If West Virginia's Democrat leadership expected President Barack Obama to take a break from anti-coal actions during the 2014 election season, they must be sorely disappointed.
The news hit like a ton of coal this morning. Obama and his Environmental Protection Agency unveiled new rules governing the release of carbon dioxide into the atmosphere. Power plants will be expected to reduce their emissions by 30 percent by 2030. StateS will need to come up with plans to meet these new goals.
This is very bad news for Democrats running for federal offices in West Virginia. They all endorsed Obama during the 2008 and 2012 presidential races, openly supporting a man who said he wanted to bankrupt the coal-powered electrical industry while on the campaign trail.
Nick Casey, the former Democrat Party Chairman during Obama's first run, openly endorsed the President and worked to raise support for his policies. He is now running for the 2nd congressional district against Republican Alex Mooney.
Natalie Tennant, West Virginia's secretary of state, also openly campaigned for Obama in 2008 and 2012, even attending the Democrat National Convention in 2012 as an Obama delegate. She is running for U.S. Senate against Republican Congresswoman Shelley Moore Capito.
3rd District Congressman Nick Rahall is running to keep his seat against Republican state Senator Evan Jenkins. In an effort to distance himself from his support of Obama, Rahall said he supported the policies of George W. Bush more than Obama. Politifact said that was a lie. Even U.S. Senator Joe Manchin, not up for re-election, can't escape from his 2008 DNC floor speech espousing the virtues of Obama.
Several of these same candidates, as well as other Democrat Party officials and lobbyists, traveled to Washington, D.C. in November of 2013 to meet with EPA Administrator Gina McCarthy.

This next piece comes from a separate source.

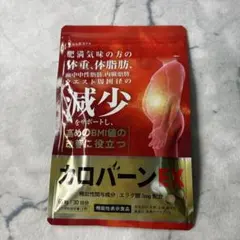 Item thumbnail for item 1dea34a8-dcbf-456b-80c6-d52228b708b8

In this meeting, they invited her to West Virginia to discuss EPA impacts on coal mining, as well as to get her to schedule a listening session here. Apparently the open support for her boss by Tennant, Casey, Manchin, and Rahall didn't open any doors at the White House.
West Virginia stands to be hurt the most from these new regs, as states will have to meet certain goals. More than 95 percent of West Virginia's electric comes from coal-fired power plants. As West Virginia is the second largest coal producer in the nation, the demand for our coal will decrease. The U.S. Chamber of Commerce says the new regs will costs the U.S. $1 billion per year due to job losses and other impacts.
Instead of giving Democrats another chance to represent West Virginia in Congress, it's time to send a solidly-red Republican delegation to represent the people.